My girlfriend won’t take COVID-19 seriously. What should I do?

Kai weighs in on what to do when your partner is willing to take far more risks than you are

Ask Kai: Advice for the Apocalypse” is a column by Kai Cheng Thom to help you survive and thrive in a challenging world. Have a question? Email askkai@xtramagazine.com.

Dear Kai, 

I’m a queer woman in a horrible COVID-19 dilemma. This past year, I started dating an awesome trans girl. It was a different moment in the pandemic from now, where I felt prepared to take some (calculated) risks in order to date and see people, and it seemed like most of the folks in my community were more or less on the same page. I really clicked with this girl and we started a relationship.

She always seemed a little bit more reckless when it came to COVID-19 than me, but the first vaccination campaign took off as we were getting serious and the infection numbers had dropped really low, so it didn’t seem to matter much. Even when Delta hit, the hospitalization rates seemed under control, and we were both vaccinated, as were pretty much all of our close friends and family. Then came Omicron, which is where the trouble began.
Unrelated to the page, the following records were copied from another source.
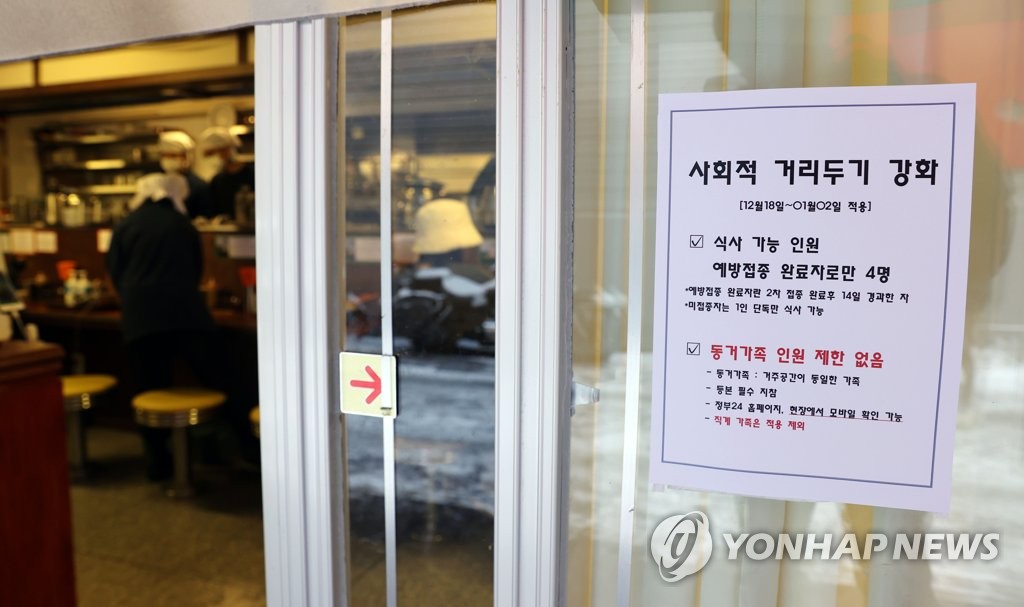 资料图片：一家咖啡厅在门上贴出有关社交距离限制措施的公告。 韩联社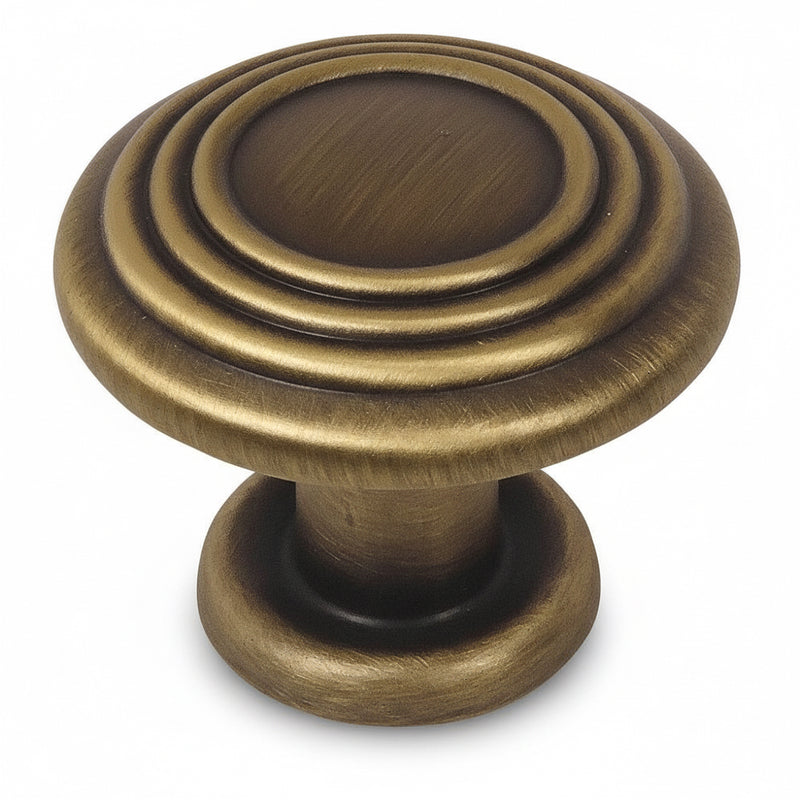 Brushed antique brass drawer knob with three raised rings on the face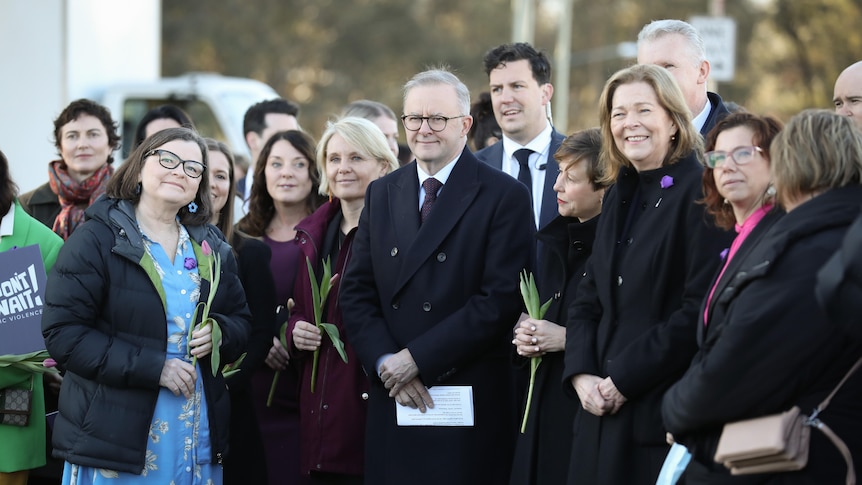 Albanese stands with his hands folded surrounded by a group of mostly women holding flowers.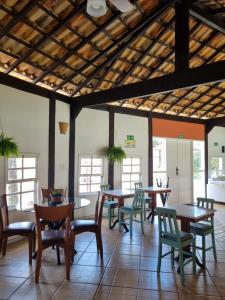 a dining room with tables and chairs and windows at Pousada Inn Engenho do Sonho in Rio das Ostras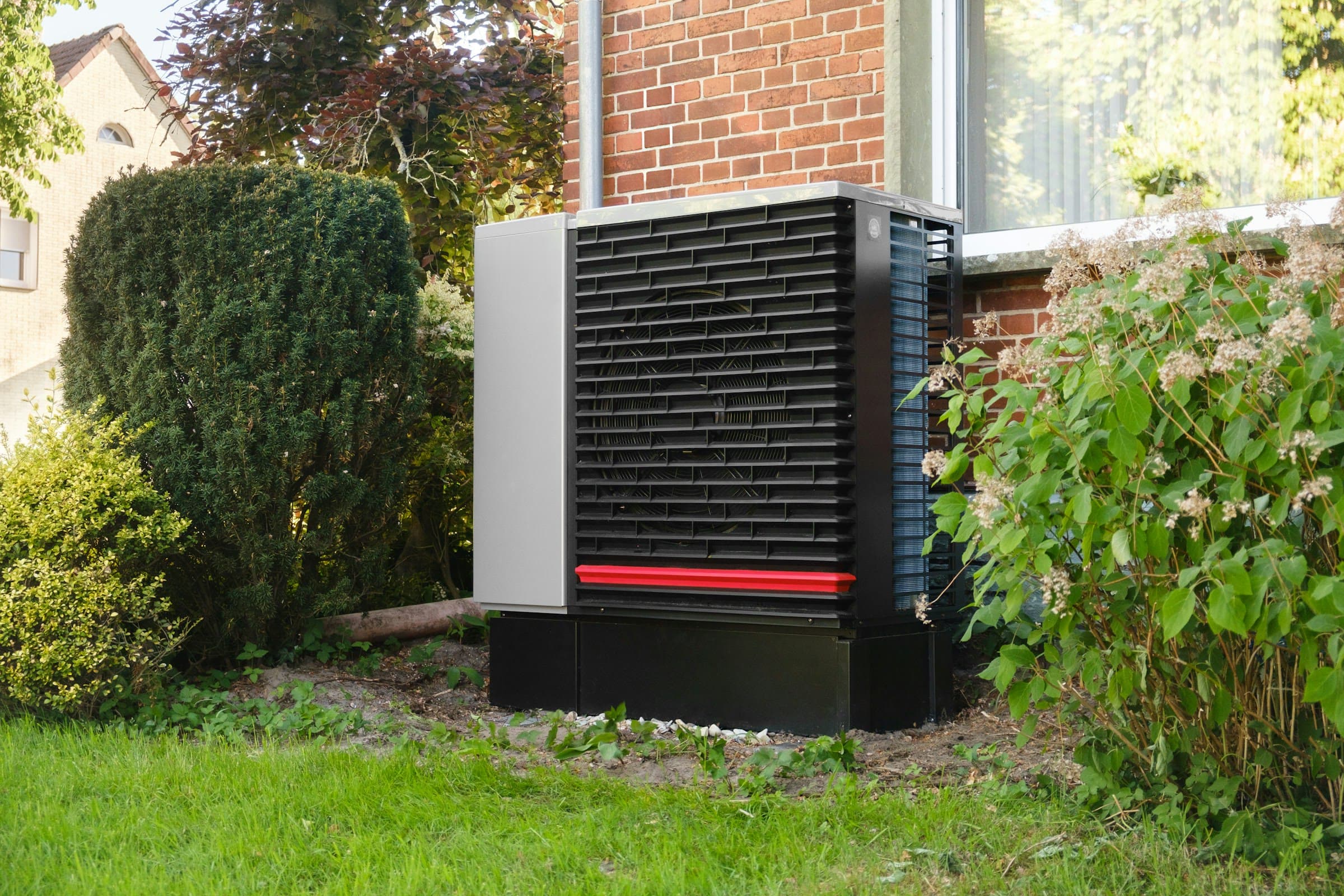 Buitenunit van een warmtepomp op een zwarte sokkel in een tuin, tussen een taxushaag en een hortensia, tegen een bakstenen gevel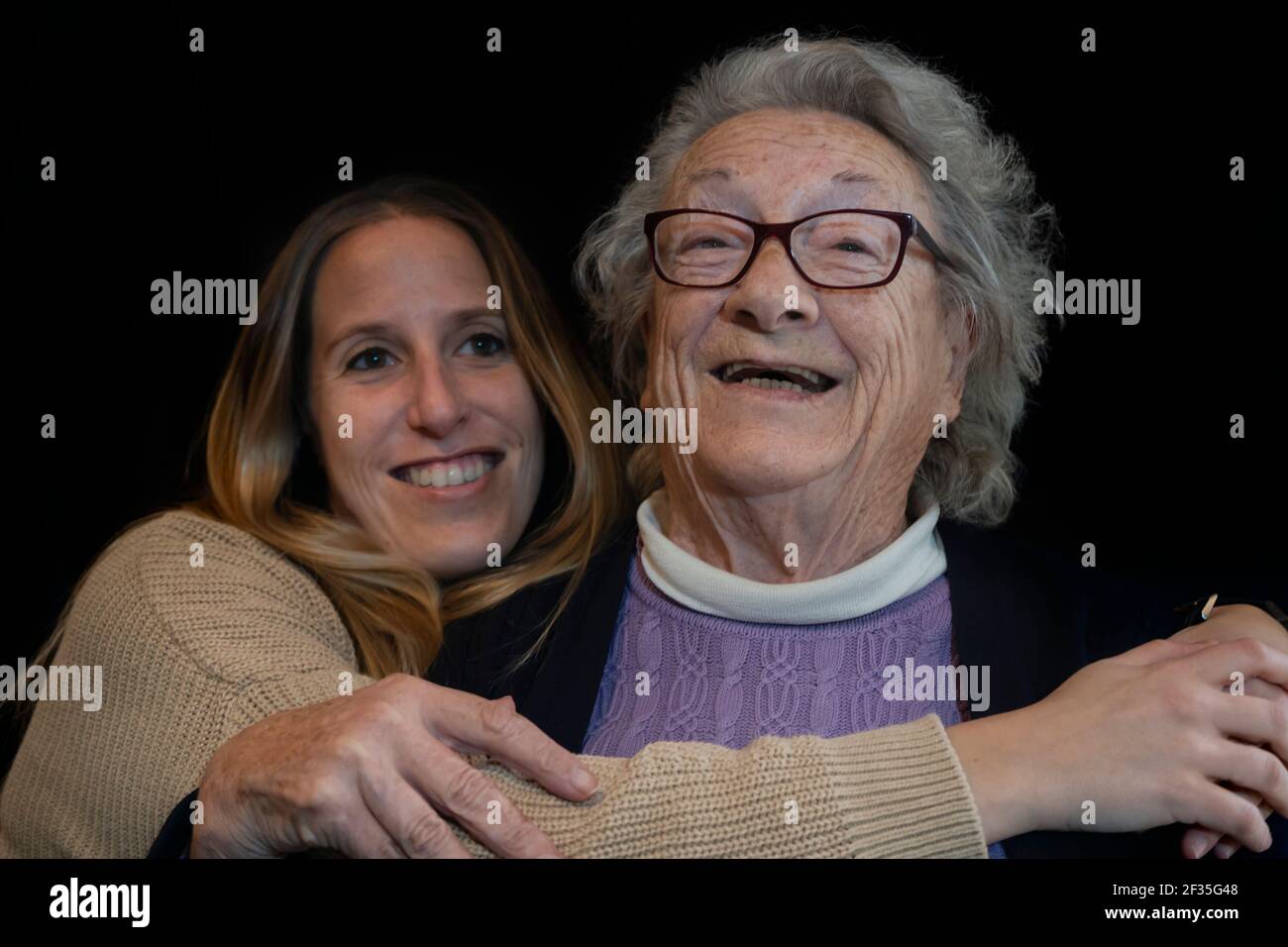 Ritratto di stile di vita familiare di anziana anni 80 donna abbracciando giovane grande figlia.Happy persone insieme sorridente concetto. Foto Stock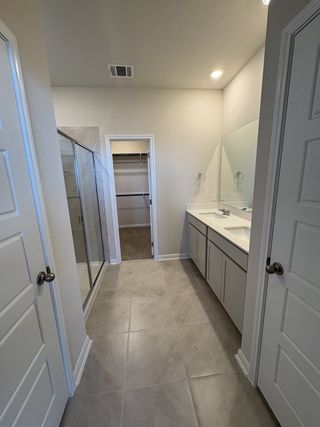 A luxurious bathroom with a double vanity, walk-in shower, and access to a generous walk-in closet.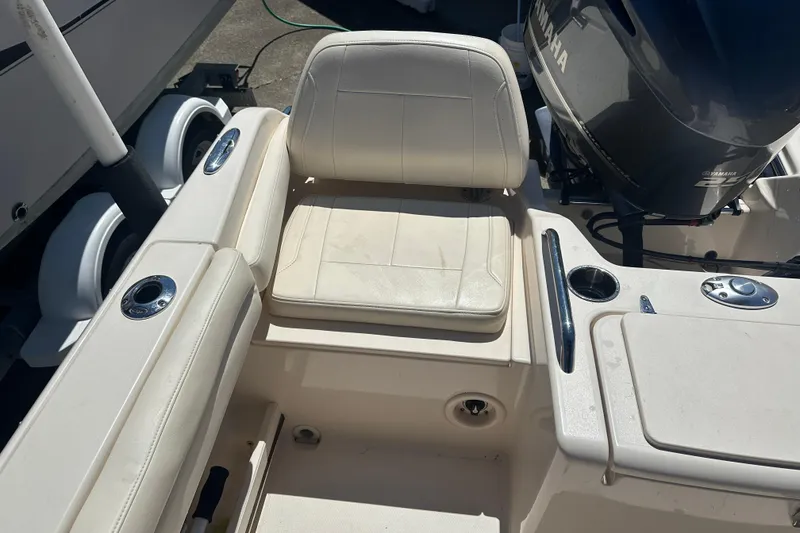 Slide: The Image of 2018 Grady-White Freedom 215 boat interior with seating and Yamaha engine. - 29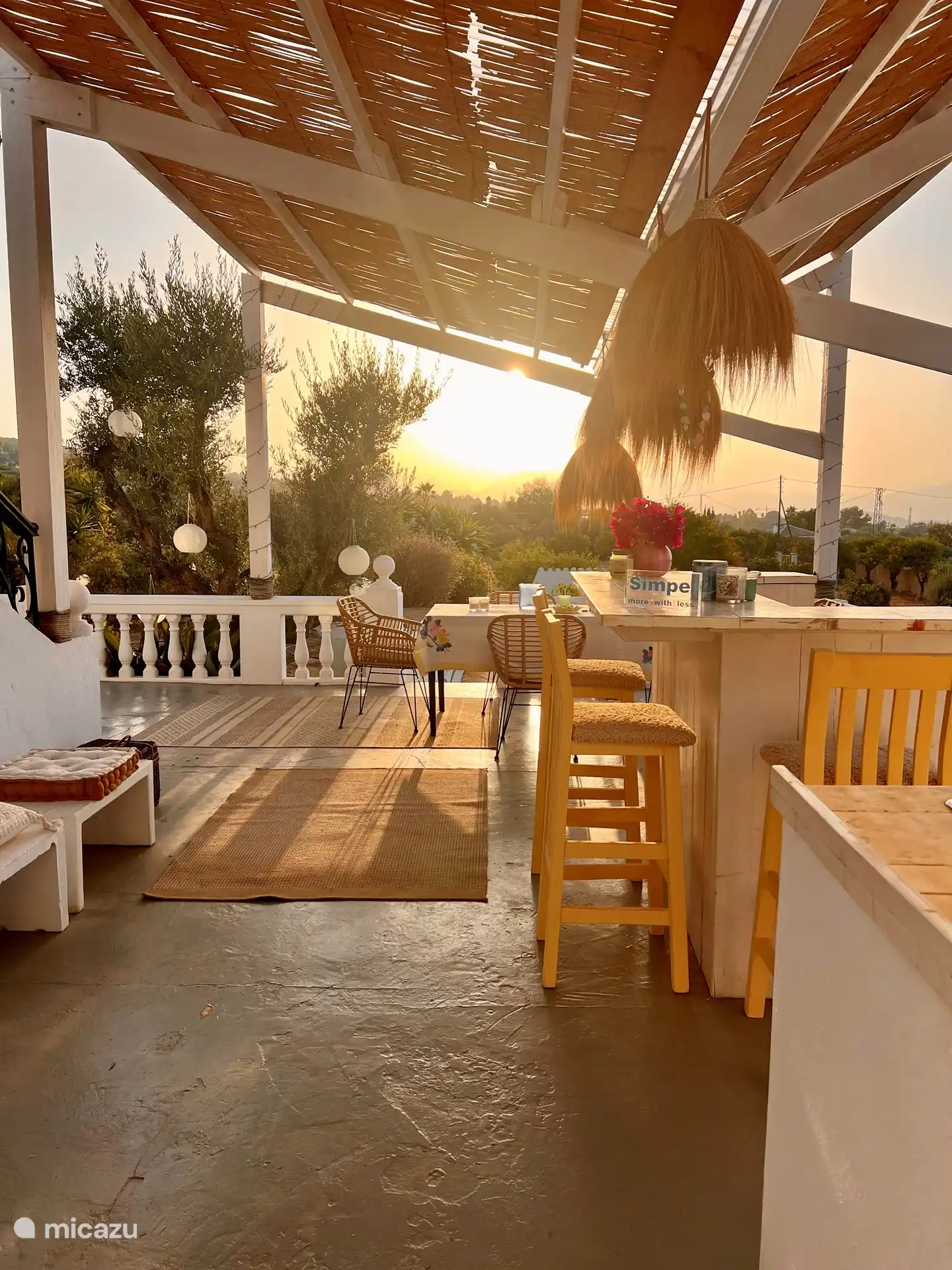 Covered terrace with outdoor bar, fridge and seating area to enjoy the beautiful sunsets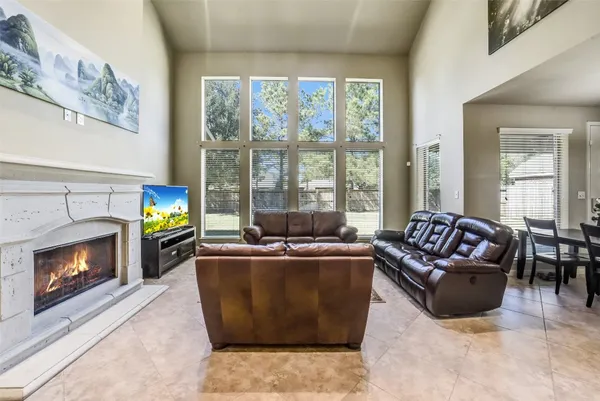 a living room with furniture ceiling fan and a rug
My new girlfriend doesn’t really seem to grasp (or want to grasp) how this situation is different, or why taking precautions is important. She had “flu symptoms” (read: potentially COVID-19!) over the holidays, but she refused to get tested or isolate at all. She even went to the movies! She keeps asking me to hang out and go out with her—to parties even—and I just don’t know what to say. I once confronted her about it, and she got really defensive. She said that my white privilege was showing (she’s not white), that she needs to see people and go out for her mental health and that “some people don’t have the privilege of isolating.” I know that’s true, but I’m not sure I think it’s true for her (she has an office job and works from home). Kai, I don’t know what to do! I really like this girl, but I’m not comfortable with her COVID-19 protocols (or lack thereof) and I wish this had come up before we started dating. Am I being racist? Help!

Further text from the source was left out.